What is needed — Write out the listing below without alteration, omitting its pictures.

[[ Supplied material, beginning ]]

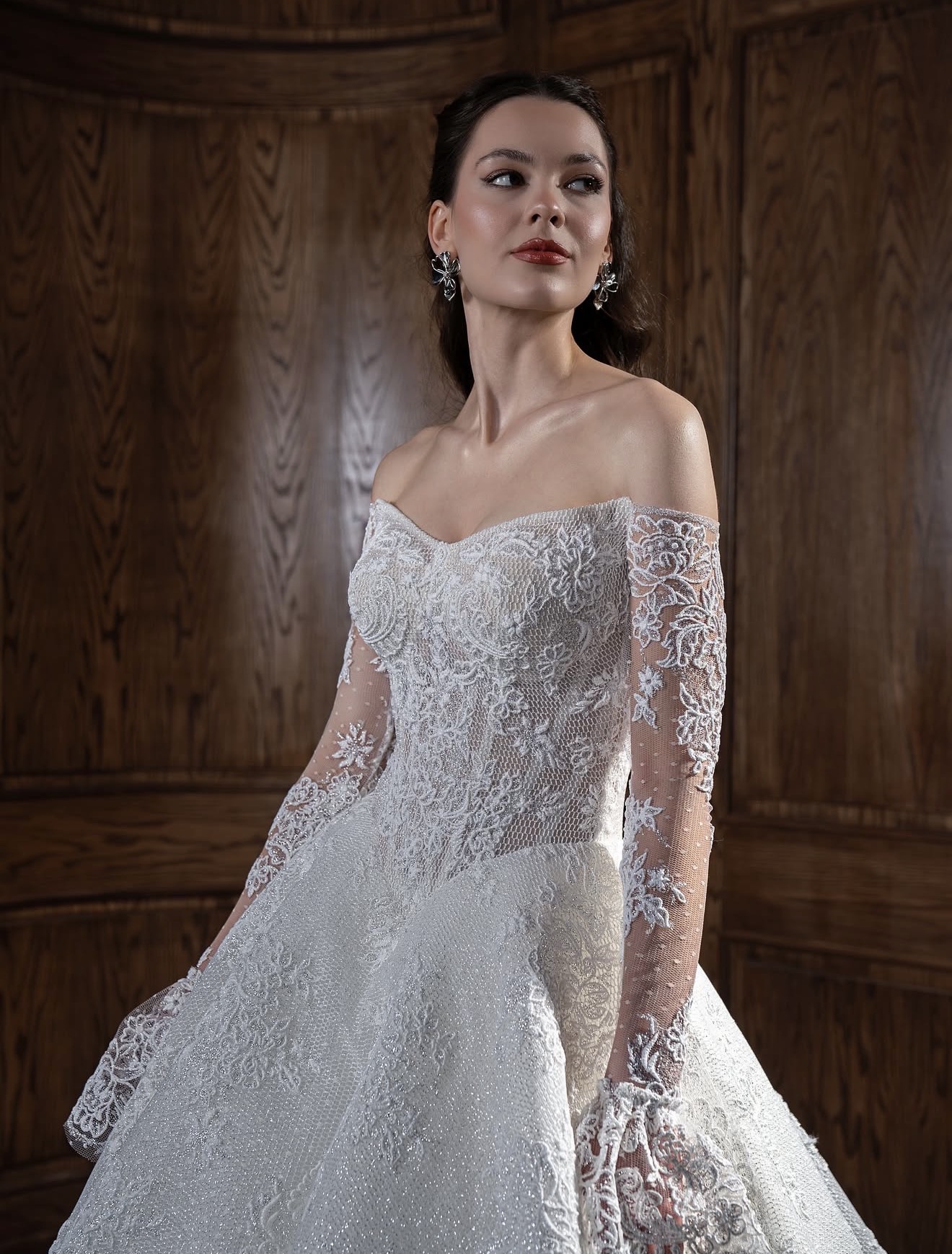 Off-Shoulder Ball Gown Wedding Dress off-shoulder ball gown wedding dress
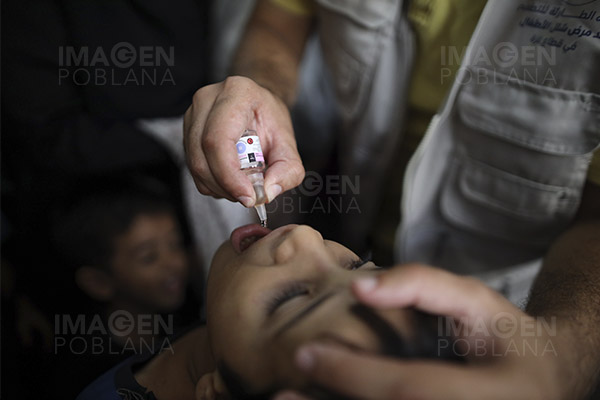 Vacunación de niños contra la polio en Gaza supera expectativas, dice OMS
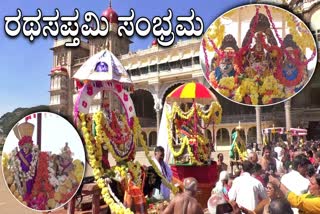 Ratha Saptami celebrations in front of Ambavilas Palace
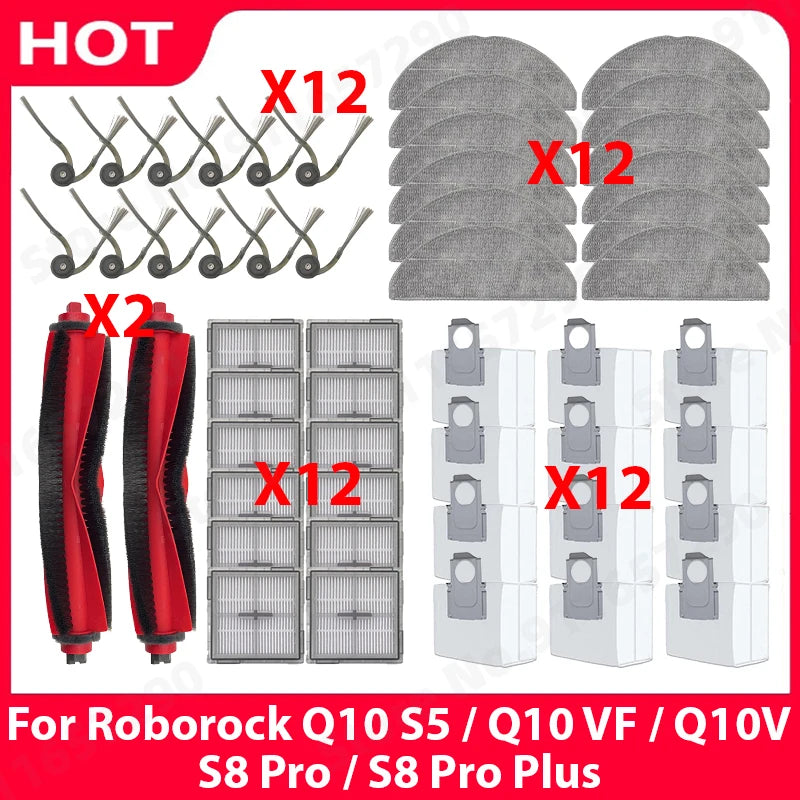 Praktisches Zubehörset für vielfältige Staubsaugerreinigung und Pflege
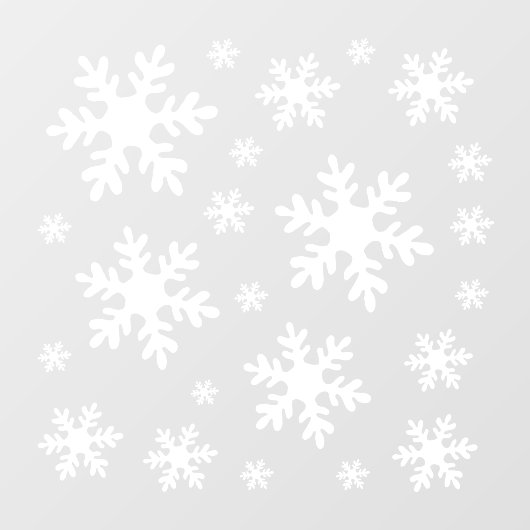 Schneeflocken Weißer Schnee Winter Weihnachtsfeier Fensteraufkleber (Blatt)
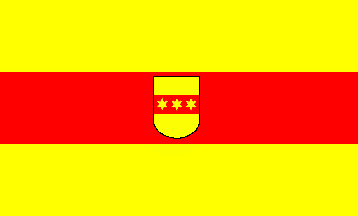 [Rheine city flag with CoA]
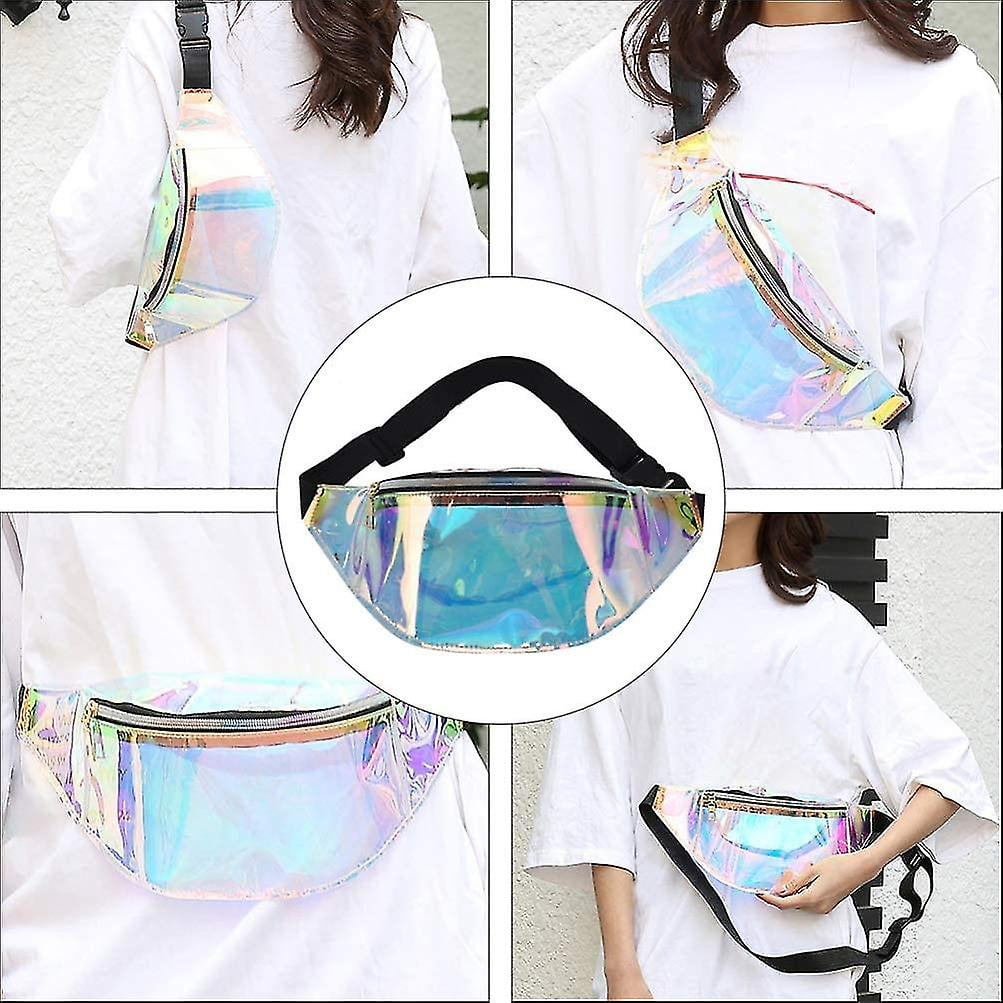 Holographic clear fanny pack clearance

[[ Supplied material, end ]]

Response to the task —
 Off-Shoulder Ball Gown Wedding Dress off-shoulder ball gown wedding dress
 Vacunación de niños contra la polio en Gaza supera expectativas, dice OMS
 Ratha Saptami celebrations in front of Ambavilas Palace
 Praktisches Zubehörset für vielfältige Staubsaugerreinigung und Pflege
 Schneeflocken Weißer Schnee Winter Weihnachtsfeier Fensteraufkleber (Blatt)
 [Rheine city flag with CoA]
 Holographic clear fanny pack clearance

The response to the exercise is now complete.